## DATA SECTION:
───

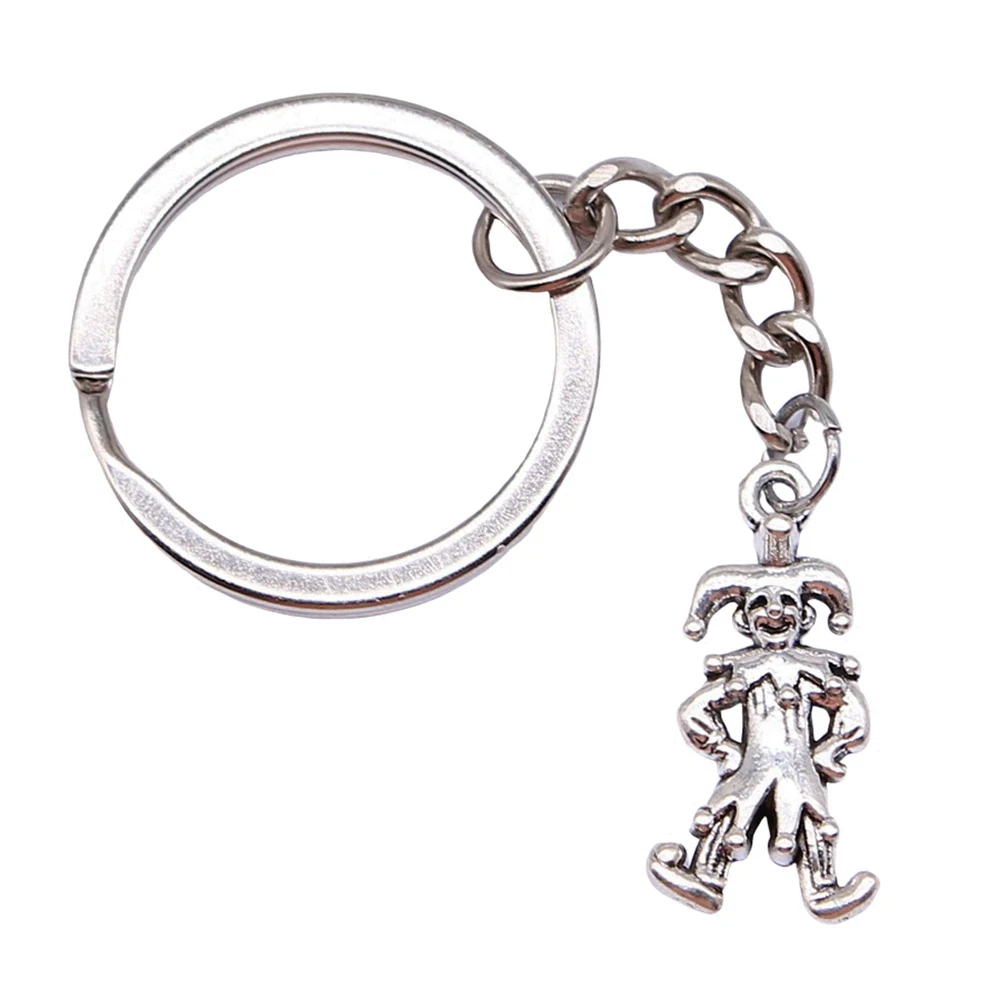 1pcs Clown Funny People Harlequin aesthetic keychains diy accessories jewelry making gift Ring Size 28mm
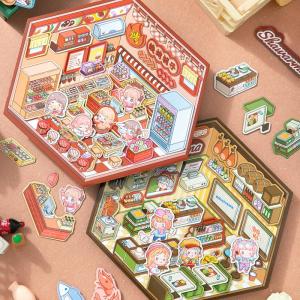 Magnetic Attraction Miniature Scene Store Toy Playhouse Childrens DIY Stacking Educational Game Magnetic Sticker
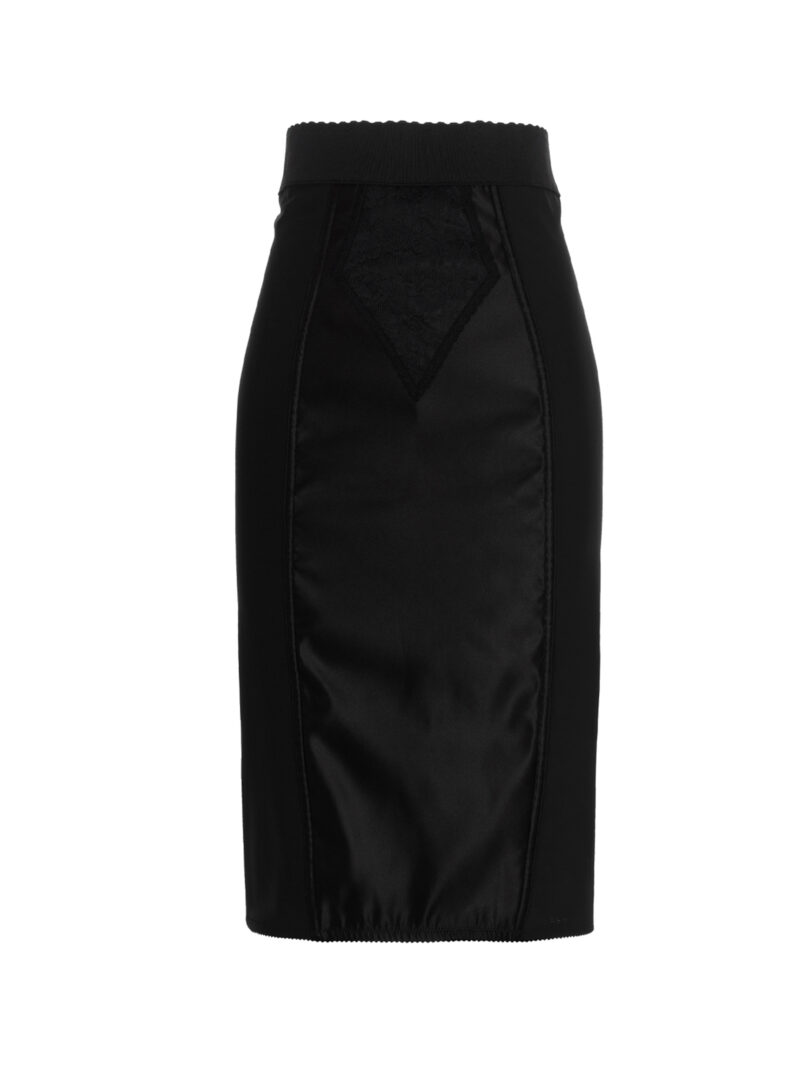 Satin midi skirt DOLCE & GABBANA Black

───

## BRIEF:
Write the lines above out again exactly, without any of their pictures.

## RESULT OF THIS TASK:
 1pcs Clown Funny People Harlequin aesthetic keychains diy accessories jewelry making gift Ring Size 28mm
 Magnetic Attraction Miniature Scene Store Toy Playhouse Childrens DIY Stacking Educational Game Magnetic Sticker
 Satin midi skirt DOLCE & GABBANA Black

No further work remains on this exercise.